Two of the challenges that Nutcracker Therapeutics, a US-based RNA medicines company, has been working through are how to approach the manufacturing of RNA-based drugs for personalized therapies and how to bridge the gap between smaller-scale companies and clinical trial-scale studies, says Colin McKinlay, senior director, Chemistry and Delivery Technologies, Nutcracker Therapeutics.

“I think one of the lessons learned from the whole COVID[-19] pandemic and putting together the mRNA [messenger RNA]-based vaccines for COVID[-19] was that we could actually scale these up to … worldwide scales, and that we were able to do that fairly effectively. But starting to think about distributing and manufacturing mRNA drugs, where every patient has a different type of formulation, I think that starts to be a different type of challenge,” McKinlay says.
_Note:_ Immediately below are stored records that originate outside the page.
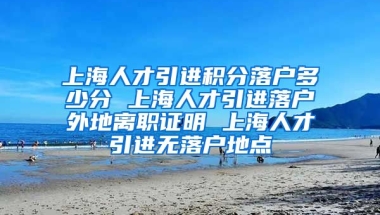 上海人才引进积分落户多少分 上海人才引进落户外地离职证明 上海人才引进无落户地点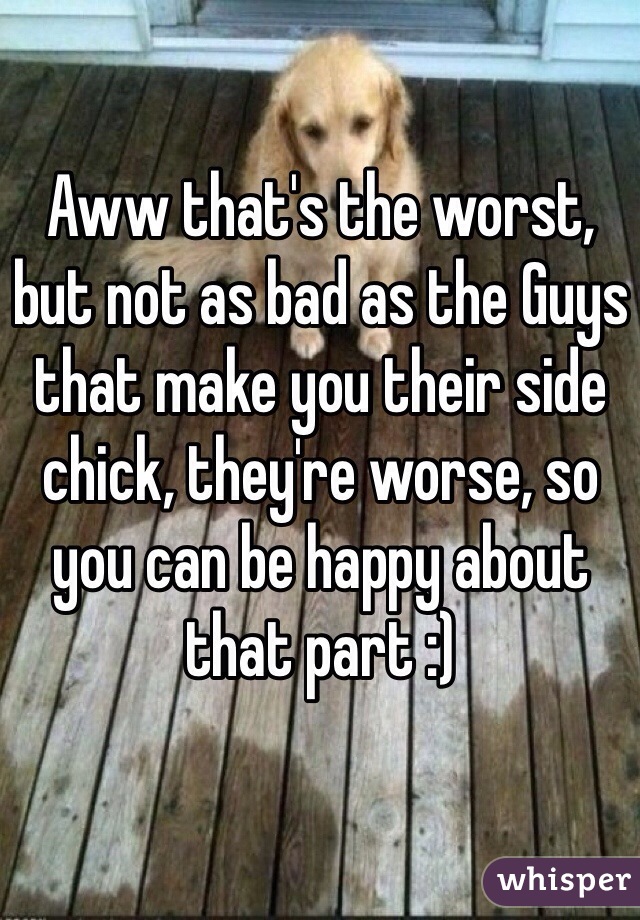 Aww that's the worst, but not as bad as the Guys that make you their side chick, they're worse, so you can be happy about that part :) 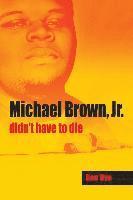 Ken Dye - Michael Brown, Jr. Didn't Have to Die, Häftad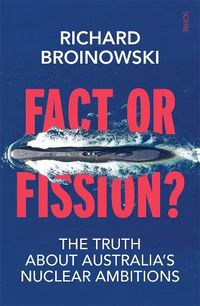 Cover image for Fact or Fission?: The Truth about Australia's Nuclear Ambitions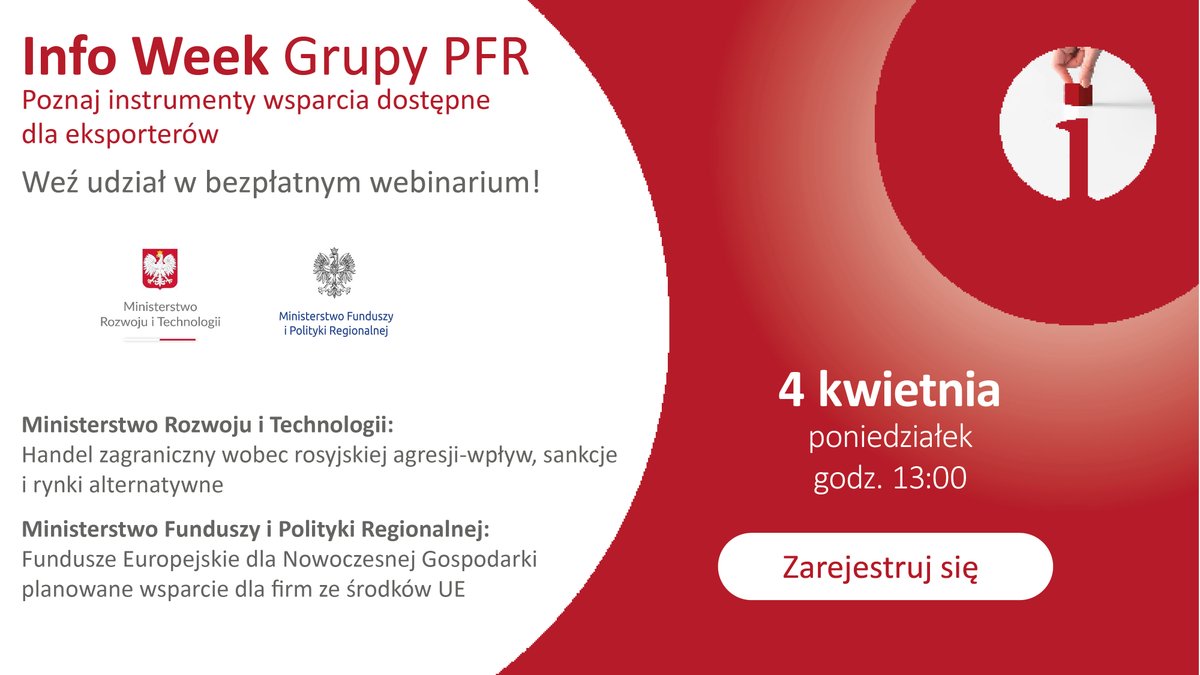 PFR_pl's tweet photo. 4 kwietnia o 13:00 rusza #PFRinfoWeek! Przedstawiciele @MRiTGOVPL @MFIPR_GOV_PL powiedzą przedsiębiorcom m. in. o:
📌planowanym wsparciu dla firm ze środków UE,
📌handlu zagranicznym w obliczu rosyjskiej agresji.
Zarejestruj się!
👉 https://t.co/Ghvm1iZE1f
#SiecFirmPrzyszłościPFR https://t.co/9shLzgL8em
“[A]nother area that has [many] challenges associated with it is really being able to bridge smaller-scale companies … bridge their research work into Phase I, Phase II clinical-trial scale and get them materials that they need for conducting those trials,” he adds, noting that while there are many commercial suppliers available for research-grade mRNA and making mRNA at that small scale for drug discovery work, the cost for scaling up to larger-scale commercial manufacturing can be prohibitive. Therefore, there is need in the market for enabling small startups to scale up manufacturing, for both mRNA and lipid nanoparticles (LNPs).

“[Many] of the commercial options for making LNPs aren't really tailored towards … small scale. There [are] systems that are available from various … suppliers, but they generally have a pretty large minimum volume or minimum scale that they can operate at. So, what [many] people end up doing is resulting to just pipette-mixing or hand-mixing their components, which means that the LNPs [being made] are very different than the LNPs that [are] going to be [made] farther down in [the] development process and in … scale up,” McKinlay explains.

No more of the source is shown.